INSTRUCTIONS TO FOLLOW
Restate the whole of the data below word for word, skipping the images.

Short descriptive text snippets
########################################
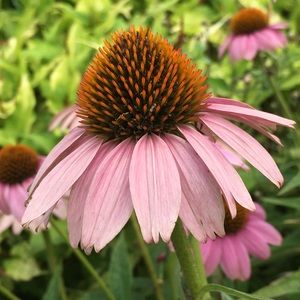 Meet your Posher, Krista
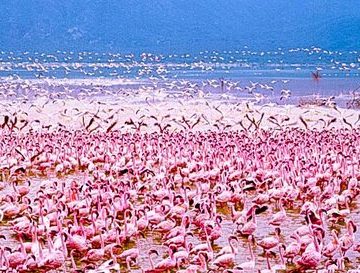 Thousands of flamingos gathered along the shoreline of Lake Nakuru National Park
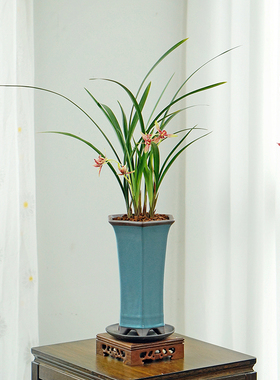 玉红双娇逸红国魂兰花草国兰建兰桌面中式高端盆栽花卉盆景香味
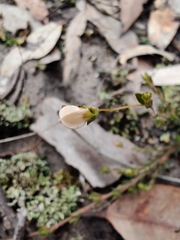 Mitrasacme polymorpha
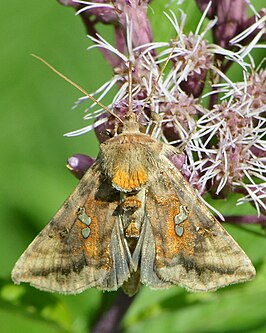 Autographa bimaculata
########################################
EXERCISE RESULT
 Meet your Posher, Krista
 Thousands of flamingos gathered along the shoreline of Lake Nakuru National Park
 玉红双娇逸红国魂兰花草国兰建兰桌面中式高端盆栽花卉盆景香味
 Mitrasacme polymorpha
 Autographa bimaculata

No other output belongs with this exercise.